But, get this: there’s an openly gay one (he’s not even subtextually gay) named Izzy.  Izzy isn’t a threat to the ab-boys, some could say he’s a protagonist. 

We’ve come a long way, baby!

Is Jeepers Creepers 2 a good film? Heavens to Betsy, no.  Absolutely not! 

The first film was an original story well told; the sequel tries to tell an expanded story and winds up looking cheap, sloppy, nonsensical, and boring. The gay storyline goes absolutely nowhere and it was written and directed by a pedophile, but at this point in horror history, we were taking whatever scraps we could get. Accordingly, we were willing to overlook the mess to finally have secondary gay characters who doesn’t wind up dying tragically or end up being the maniacal killer in the third act. Baby steps. 
While guilty pleasures at best, these are the perfect films to watch when you’re home alone drinking egg nog spiked coffee out of an oversized mug on a Sunday afternoon in bed.
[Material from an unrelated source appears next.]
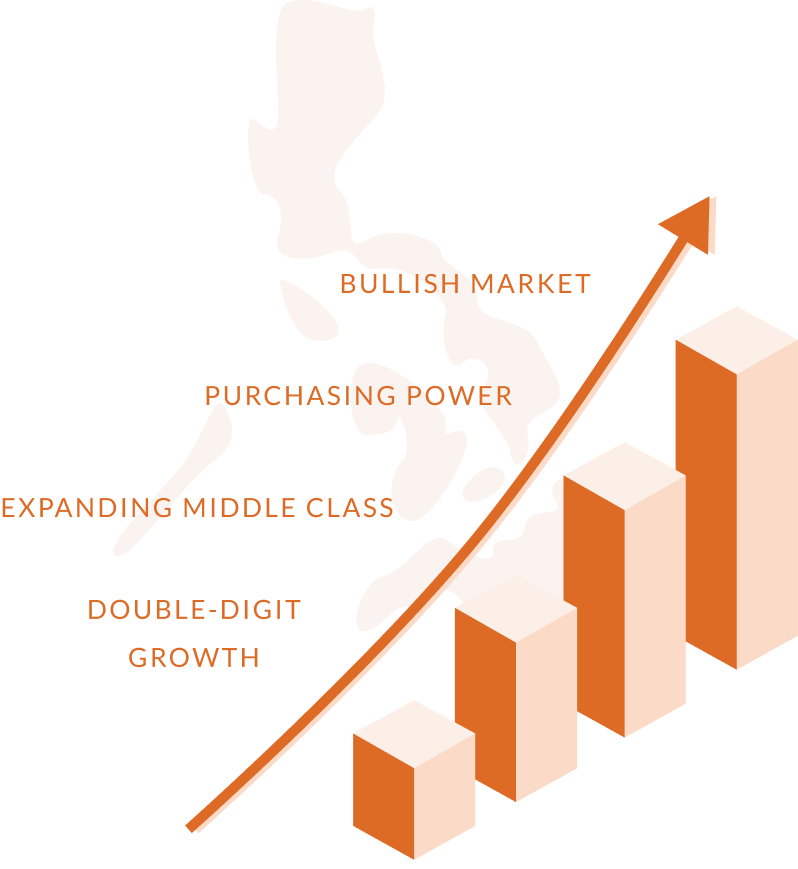 Urban city in the Philippines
Please note: The Jeepers Creepers franchise was produced by Francis Ford Coppola's American Zoetrope.  Victor Salva is gross.  I think the most important lesson I have learned during my tenure here in Los Angeles is that we have to judge the art and not the artist.  Unfortunately, the fact that Victor is such a skeeze is what gives these movies their queer bent, whether consciously or not.

Thursday, December 17, 2009

It is what it is.

Another decade is screeching to a halt. We had a bad war and a good president, Elizabeth Taylor's still going strong… but digging through my DVD closet, it was one of the most anemic decades in horror history. The aughts was a decade of photocopy remakes. These lifeless re-hashings of our most sacred texts (Friday the 13th, Amityville Horror, Nightmare on Elm Street) were ushered in by the success of the 2003 remake of Texas Chainsaw Massacre.  Now, you can hate on me like Miss Jill Scott, but I am giving it my #5 spot in my FaggotyAss Top 5 of the 2000s.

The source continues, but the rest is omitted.